Origin of the samples: Seed samples of linseed, rape, soybeans and sunflowers originnating in variety testing trials harvested in 2007. The selected varieties were: Rezital (linseed), Californium (rapeseed), Cardiff (soybeans) and Alexandra (sunflowers). Pumpkin kernels were bought from a storage company. The vegetable oils were unrefined and cold pressed. Soyabean (Vitaquell, Hamburg, Germany) and linseed oil (Neuco, HEIRLER CENOVIS G.m.b.H. Radolfzell, Germany) originated from organic farming. Oil from pumpkin, sunflower and rape seeds was bought from Fandler, Austria. The oils were stored at 4 °C in the dark.

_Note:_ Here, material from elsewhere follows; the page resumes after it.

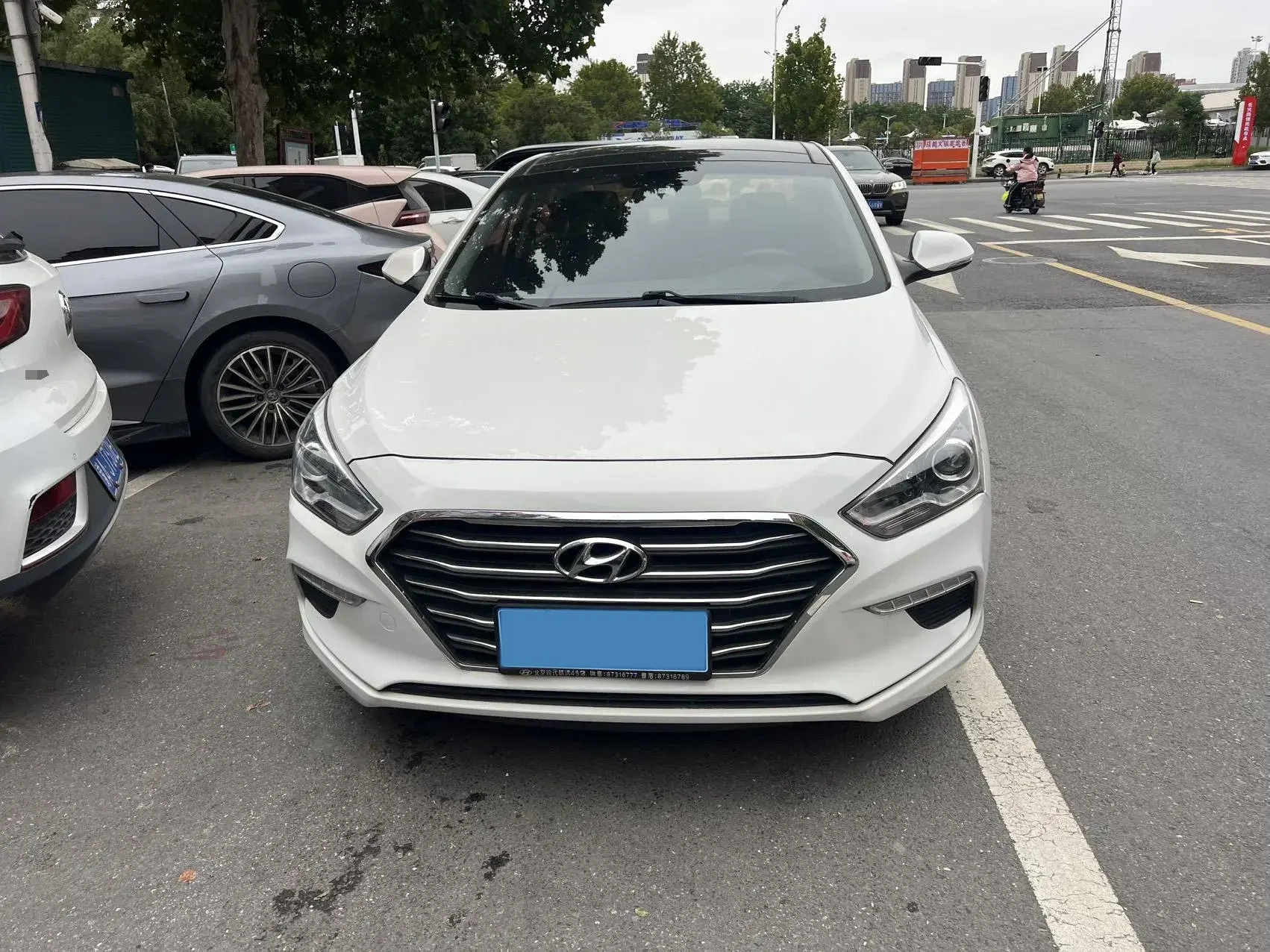 2019 HYUNDAI MISTRA thumbnail 2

Heating trials: Oils and seeds of all species were exposed to heat at 423 K, 473 K and 523 K for 30, 60, 120 and 180 min in an incubator with mechanical air circulation. At 573 K the samples were exposed for 30 and 60 min. 10 min was added to the exposure times to heat the samples to the defined temperature. From all oils and seeds un heated samples were also reserved for GC analysis. The heating trials were performed as follows: 3g +/ 0.2g of seeds or 1 g of oil were weighed into porcelain crucibles. The crucibles were covered with watch glasses, stored in an incubator with recirculating air (WTB Binder, Tuttlingen, Germany) and tempered to the selected temperature. After exposure to heat the samples were cooled down to room temperature. For the determination of losses of volatile substances oil samples were weighed before and after heating. The seeds were milled in a coffee grinder after cooling.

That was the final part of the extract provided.